We simply calculate how long it would take for the inducers to penetrate the cell membrane and enter the cell. We intercept the cell membrane per unit area(1 square micron). Take a square inside and outside the cell membrane, each with a volume of one cubic micron, named cube A and cube B. Without loss of generality, we take the thickness of the cell membrane to be seven nanometers. Our estimation model is built based on the unit geometry. By calculating the diffusion time in cubes, we can roughly estimate the total time by linear superposition. By matching with wet lab, we obtain an average concentration of inducers, which is about 6E-7 mol/L. The diffusion coefficient of molecules inside and outside the cell (in cube A and cube B) is set to 1E-9, while the one in the cell membrane is set to 1E-12. Before estimation, we state some assumptions as follows.
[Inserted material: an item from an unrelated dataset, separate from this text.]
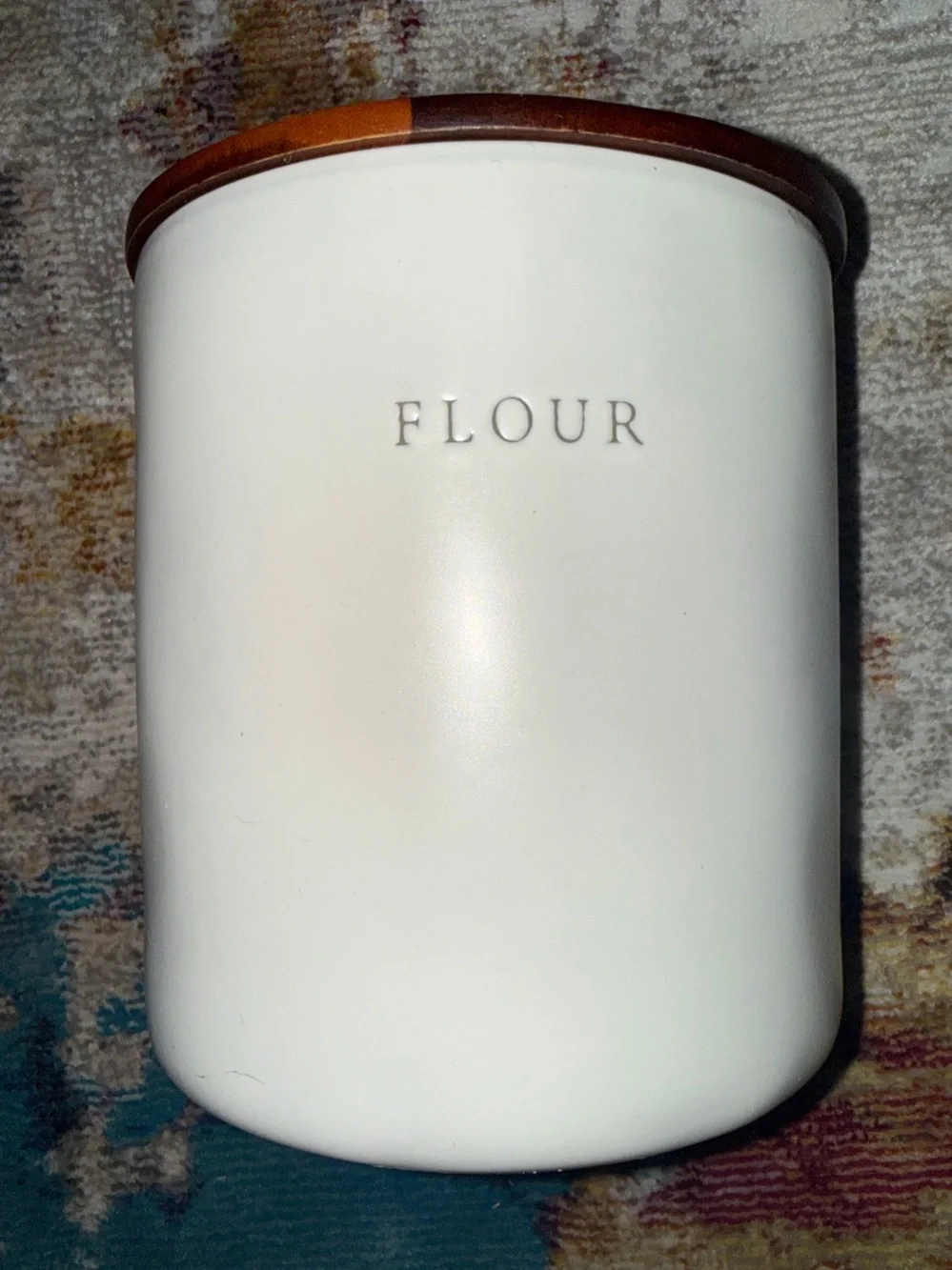 Hearth & Hand Stoneware Flour Canister with Wooden Lid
a. The flux at the upper bound of cube A is considered to be a constant value.

b. The lower bound of cube B is considered an open border.

c. The left and right boundaries are regarded flux-free because they can be seen as canceling each other out.

d. The diffusion process is uniform and there will be no sudden increase in concentration.

e. The process of molecular diffusion is uniform and continuous

f. The process of molecules passing through the cell membrane is considered free diffusion.

Comsol is used to simulate the diffusion process.

Agarose gel electrophoresis of extended PCR fragment
Figure 21: diffusion of inducers

 

The process takes about 0.01s. The volume of the system is at the microliter level. So we roughly calculate that the total time of diffusion of inducers can be ignored.

Output

The processes involved are expressions of LuxI and LuxR, formation of a complex of LuxR's protein and AHL, and expression of GFP. To simplify our estimation without loss of rationality, we follow the assumptions stated in the Logic AND Gate part in predictions of productivity. Especially, rates of the expression processes involved are regarded as linear variables in our assumptions. We enter the mathematical derivation and values of parameters in the Logic AND Gate part into Simbiology and estimate the time taken for output. The graph Simbiology predicts and draws is as follows (Figure 22).

Agarose gel electrophoresis of extended PCR fragment
Figure 22: Time estimation of output

According to the value of the dependent variable in the graph, we estimate that the process takes almost 60 seconds.

Conclusion

By matching with wet lab, we know that the complete experiment takes several hours. Based on our estimation of time, we speculate that Register&Patch is the most time-consuming part. We hope that by extensive research and study, we can find an approximation algorithm with error multiple controlled at a constant level to appropriately predict the time and find ways of reducing wasted time to optimize our biological circuits.